Tanah merupakan media tanam dan menjadi salah satu faktor yang mempengaruhi pertumbuhan dan perkembangan suatu tanaman pakan. Kualitas fisik dan kimia tanah akan menentukan jumlah hara dan pemanfaatan hara tersebut oleh tanaman. Oleh karena itu perlu ditingkatkan dengan menambahkan bahan organik seperti bokashi. Menurut Koten et al. (2017), salah satu upaya meningkatkan kualitas pastura alam adalah dengan mengeliminir tanaman non palatabel (gulma) pada pastura tersebut dan memanfaatkannya menjadi pupuk dan obat-obatan bagi ternak yang merumput.
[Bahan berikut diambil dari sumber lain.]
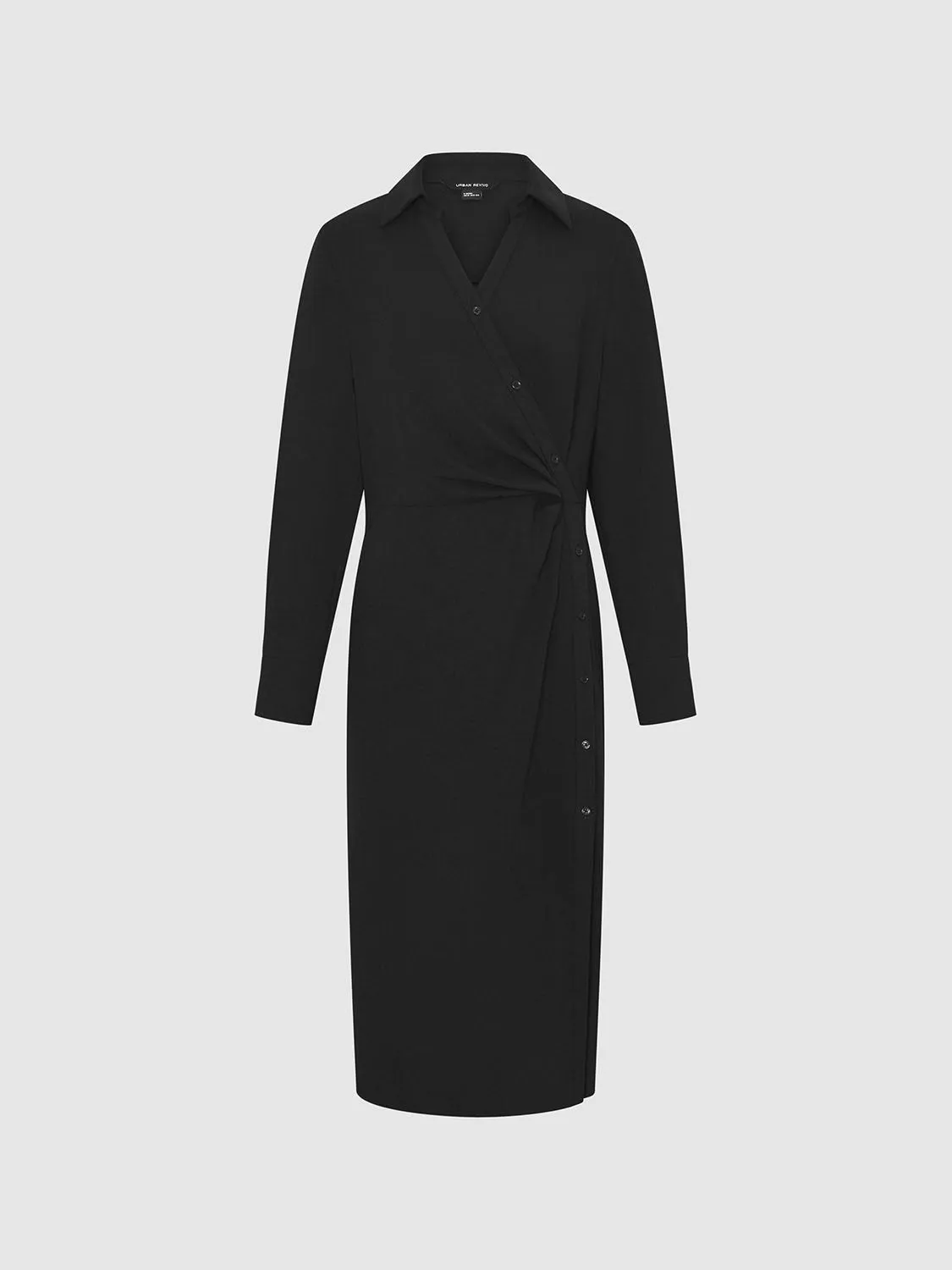Crossover Split Hem Dresses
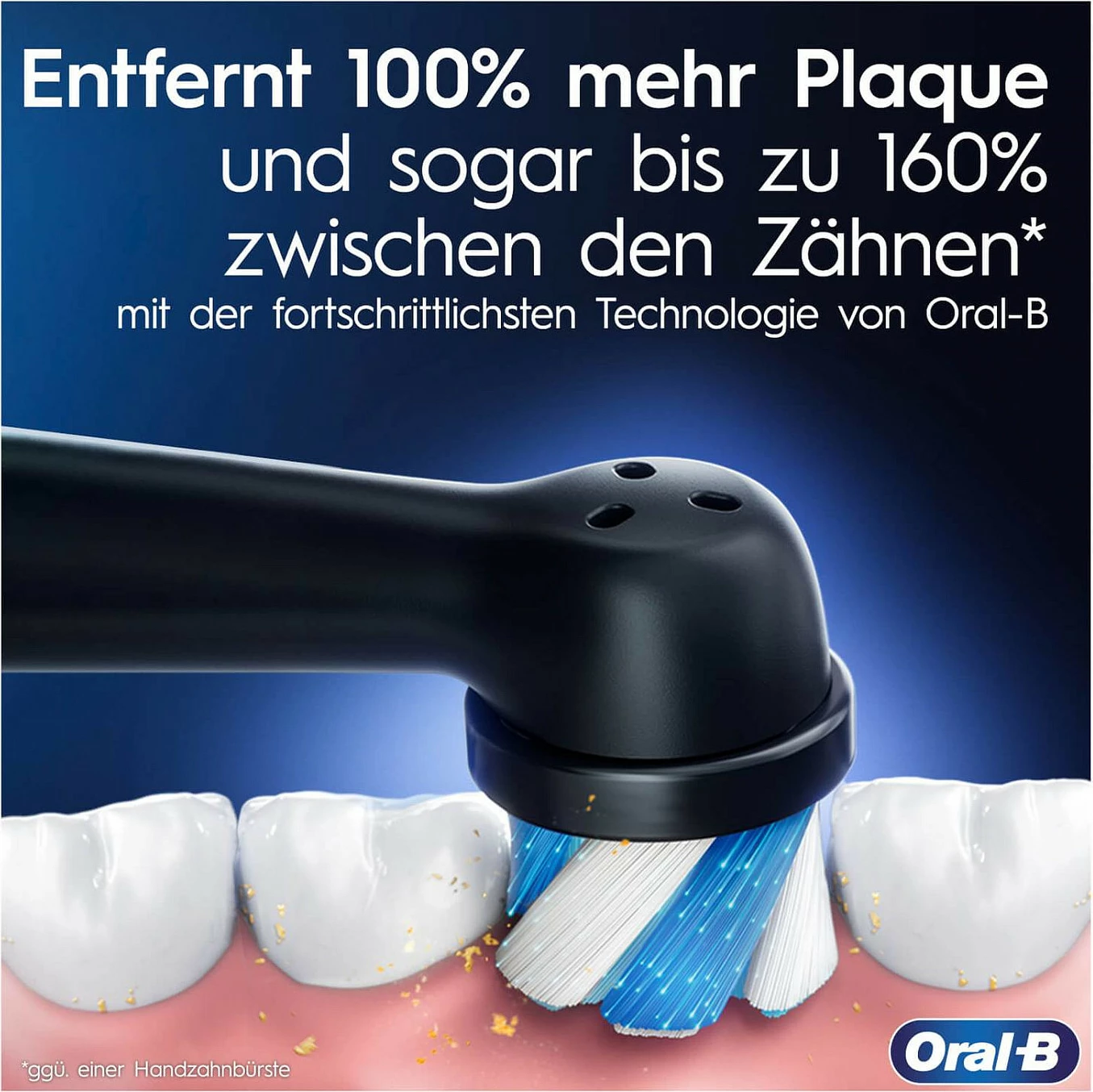 Furçë dhëmbësh elektrike Oral-B iO Series 4, Adult, Daily care, Sensitive, Super sensitive, Whitening, Black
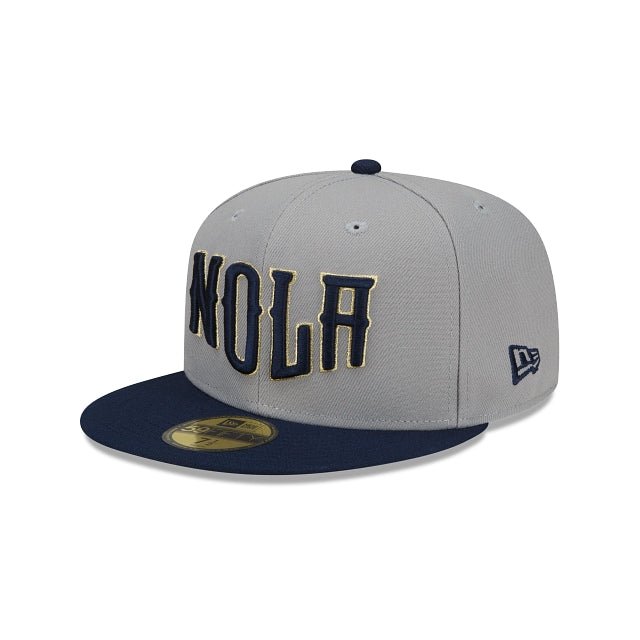 New Era New Orleans Pelicans City Edition Gray 2022 59FIFTY Fitted Hat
Wea et al. (2017) melaporkan bahwa gulma dari pastura dapat diolah menjadi bokashi, dimana bokashi dengan bahan baku Chromolaena dan kotoran sapi menghasilkan 1,18 %, nitrogen dan 0,87% P205, yang tertinggi dari bokashi gulma lainnya.
Bahan organik dalam bentuk bokashi berbahan dasar gulma pastura alam (Chromolaena) dan kotoran sapi ini jika ditambahkan mempengaruhi kualitas tanah. Jumlah bahan organik yang terekspresi dalam level bokashi akan berpengaruh pada kualitas fisik
dan kimia tanah, yang akan berdampak pada kualitas jerami arbila yang tumbuh di atasnya.
Informasi mengenai kadar fraksi serat arbila (Pha-seolus lunatus L.) sebagai dampak dari penambahan bokashi Chromolaena dan kotoran sapi pada level yang berbeda belum tersedia. Oleh karena itu penelitian ini dilakukan dengan tujuan mengevaluasi kandungan fraksi serat jerami arbila (Phaseolus luna-tus L.) akibat penggunaan bokashi berbahan kotoran sapi dan Chromolaena.
MATERI DAN METODE
Penelitian ini telah dilaksanakan di kebun pakan ternak Desa Noelbaki Kecamatan Kupang Tengah pada tahun 2019 menggunakan bokashi berbahan feses sapi dan Chromolaena serta arbila varietas lokal (berasal dari desa Sahraen, Kecamatan Amarasi Selatan, Kabupaten Kupang dengan pola warna cok-lat muda berbintik hitam (koto fui) yang dipelihara hingga pasca panen).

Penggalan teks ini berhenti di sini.